■ **To do**: Begin your copy at the line that holds "Snakeskin Ankle Booties — Black & Gray" and carry it through the final line of the data, writing out each line exactly and omitting pictures.
(Beginning of Data segment)
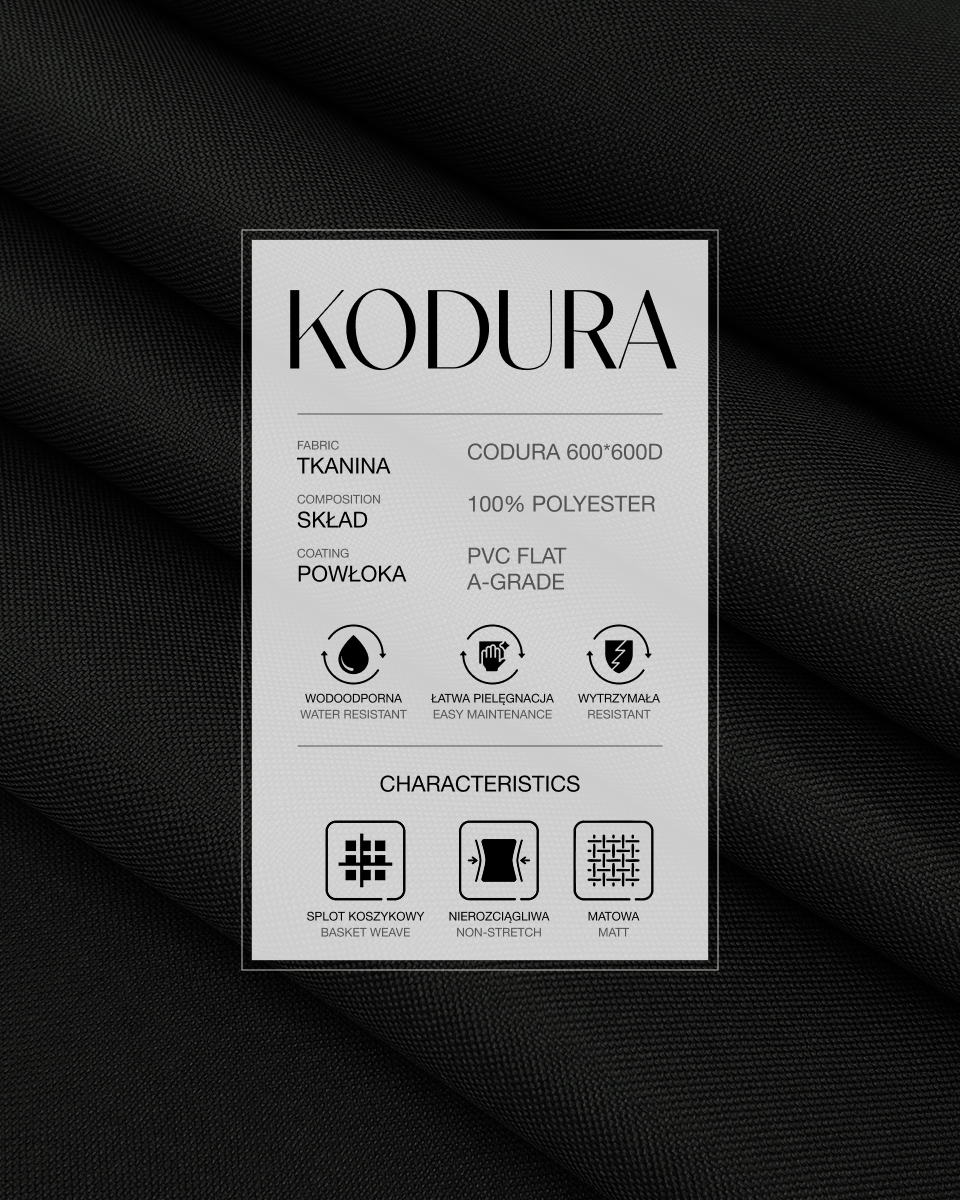 Tkanina wodoodporna Kodura 600D*600D PVC-FLAT A-GRADE (580) czarna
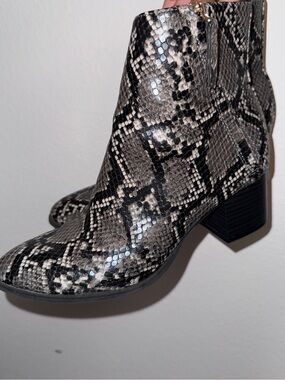 Snakeskin Ankle Booties — Black & Gray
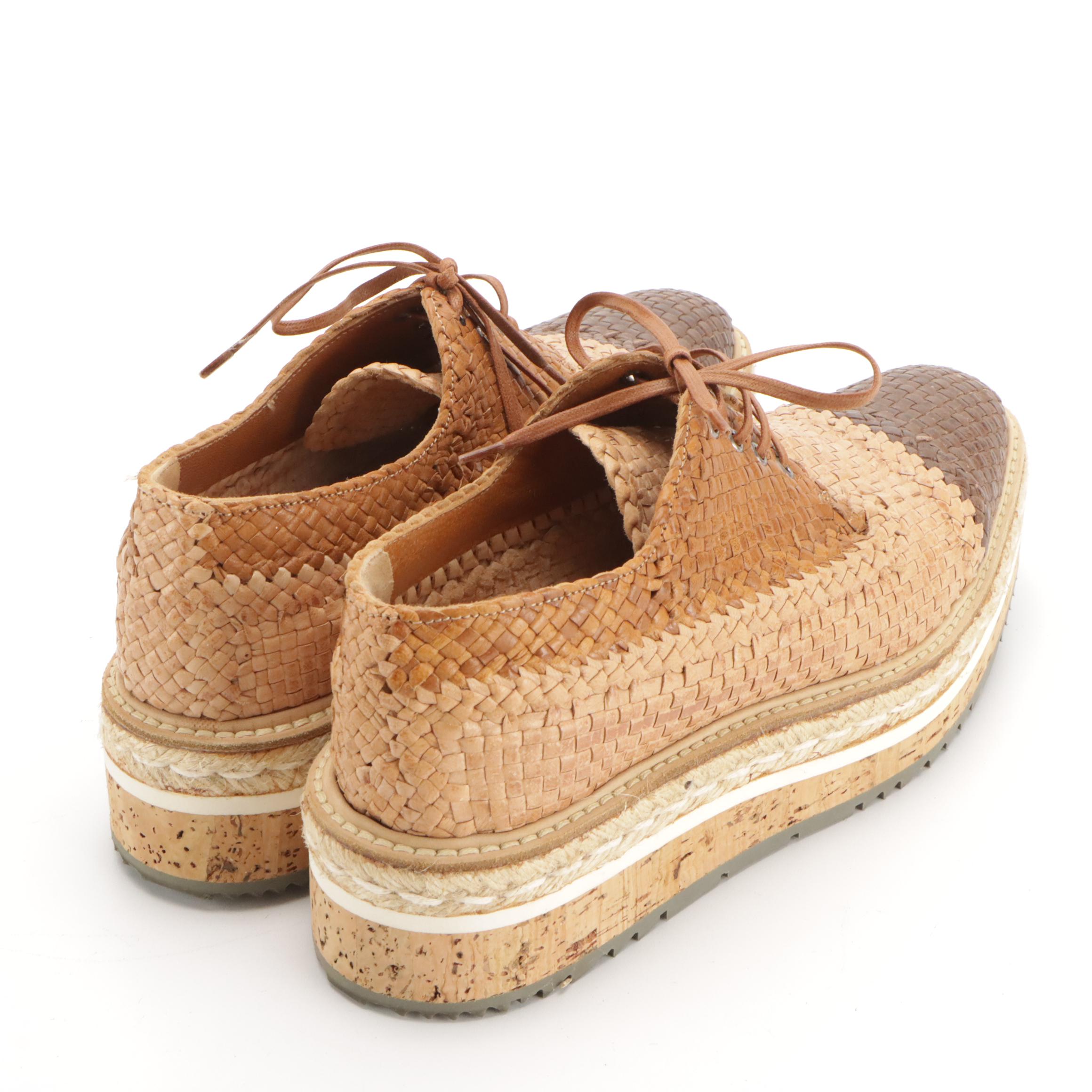 Prada Madras Tri-Color Woven Leather Platform Espadrille Oxfords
(End of Data segment)
■ **Response**:
 Snakeskin Ankle Booties — Black & Gray
 Prada Madras Tri-Color Woven Leather Platform Espadrille Oxfords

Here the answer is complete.